Executives at a company that produced millions of COVID-19 vaccine doses attempted to hide evidence that some of the doses were contaminated, according to a congressional report released on May 10.
The Food and Drug Administration (FDA) and its parent agency, the Department of Health and Human Services (HHS), identified deficiencies in the manufacturing process at Emergent’s Baltimore, Maryland facility—known as Bayview—in 2020.
In early 2021, Johnson & Johnson announced that up to 15 million doses of its COVID-19 vaccine at the facility became contaminated.
Documents obtained by the committees showed that Emergent rejected requests from Johnson & Johnson to visit the site around that time ahead of a follow-up FDA inspection.
One email from a consultant hired by Emergent indicated that employees removed quality-assurance tags from containers of Johnson & Johnson’s vaccine drug substance just before inspectors began their tour and put them back into place after inspectors left. The tags alerted employees that portions of the batches were potentially unable to be used.
Several days later, the consultant said that the tags were removed to “avoid drawing attention” to the potential quality issue.
Internal communications obtained by lawmakers show top executives at Emergent were aware of what happened.
Despite the tag removal, the FDA identified problems during the inspection.
In March 2021, another cross-contamination issue was identified by Johnson & Johnson, but Emergent did not alert AstraZeneca—whose vaccines Emergent was also manufacturing—and HHS for three weeks, according to the new report.

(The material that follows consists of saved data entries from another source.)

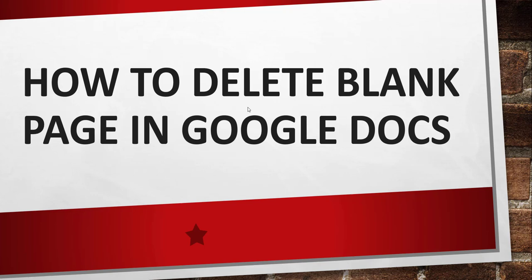Hello friends, good morning and welcome to the channel. Today in this video I will quickly show you how to delete a blank page in your Google Docs document.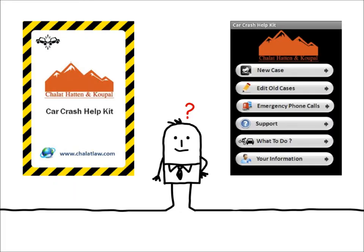An effective way to record all of the necessary information from a crash is to use the free Car Crash Help Kit application, available for iPhone, Blackberry, and Droid. This application records important information for a car accident, including pictures of damage and taking notes on accident details. This application will help you gather necessary information and pictures for your insurance company.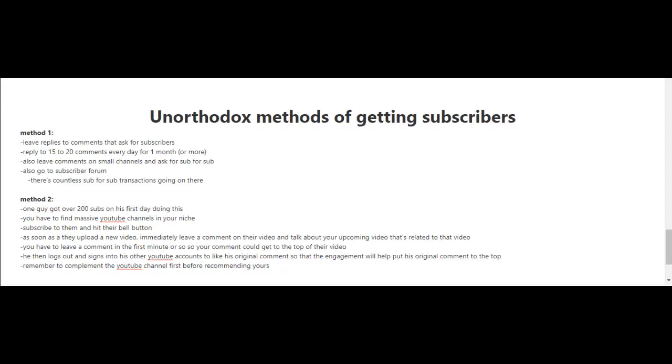You're also going to want to leave comments on small channels and ask for sub for sub. You can also go to subscriber forums - you could do a Google search for subscriber forums and you'll see there are countless sub for sub transactions going on there.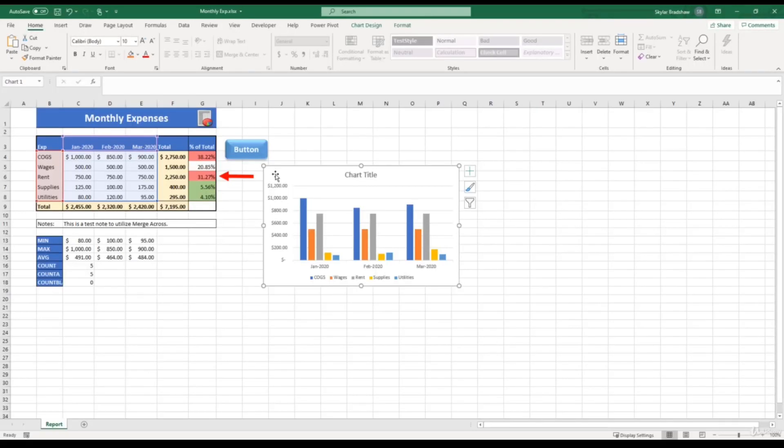Okay, so as we begin formatting our chart, the first option I want to discuss is changing the chart design.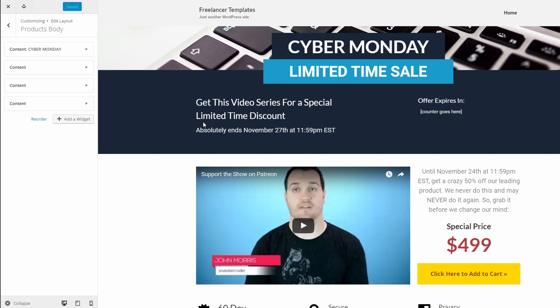Next, we're just adding a little information — 'Get this blank' — basically this is the offer. You're telling them: get this widget for a special limited time discount, get this video series for a special limited time discount, get this course for a special limited time discount. You're giving them the information of what the actual offer is. Then under here we have a sub-headline saying 'This absolutely ends November 27th at 11:59 p.m. Eastern time.' We're really hammering home the scarcity — this is going to end, and if they don't act now, they're not going to get access to it.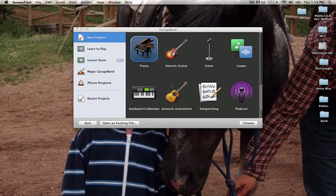Hello, this is Annie and this is just a quick tutorial on how to make a podcast in GarageBand.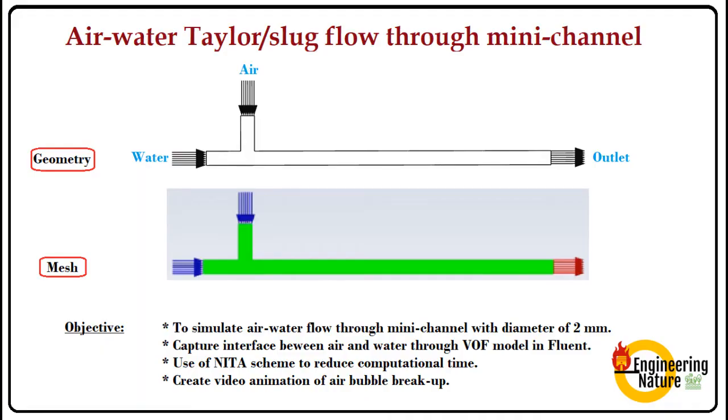Hello friends, welcome back to Engineering Nature. I hope you will be healthy and happy. So once again we are coming with one more tutorial based on interface modeling. To simulate interface, here we are considering a flow of air and water through mini-sized channel.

When an HHS agency asked for details, an executive said that no details should be shared with the government until its investigation was over.
“Today’s report shows that Emergent profited from the pandemic while violating the public’s trust. Despite major red flags at its vaccine manufacturing facility, Emergent’s executives swept these problems under the rug and continued to rake in taxpayer dollars,” Rep. Carolyn Maloney (D-N.Y.), chairwoman of the House oversight panel, said in a statement.
Approximately 400 million doses of COVID-19 vaccines were destroyed because of the contamination issues.
“These doses were squandered despite repeated warnings from employees, outside consultants, pharmaceutical companies, and FDA regulators that the company’s manufacturing practices were unsafe and that it was unlikely to fulfill the contract recklessly awarded by the Trump administration. Emergent executives prioritized profits over producing vaccines in a responsible manner that complied with FDA requirements,” Rep. Jim Clyburn (D-S.C.), chairman of the subcommittee, said in a statement.
In a statement issued in response to the new report, Emergent said the report contained nothing new.
The company also said it did not knowingly mislead the FDA, other government agencies, or private partners.
“During the last few years, the FDA and other international regulatory authorities have visited Emergent facilities dozens of times. On several occasions, Emergent invited FDA personnel to visit Bayview to review our progress, assess our capabilities, and provide feedback on our facilities, processes, and systems when no FDA inspection was required. Further to that point, the single contaminated batch was brought to the attention of the FDA by Johnson & Johnson and Emergent,” the company said, adding that it has been in “constant communication” with the FDA and its clients as it tried to manufacture the Johnson & Johnson and AstraZeneca vaccines.
“Emergent remains committed to being a trusted partner of the U.S. and allied governments helping to supply medical countermeasures for biological, chemical and nerve agent attacks. We will continue to use our more than 20 years of public health preparedness experience to help inform an all-of-the-above approach to help prepare for the public health challenges to come,” Emergent said.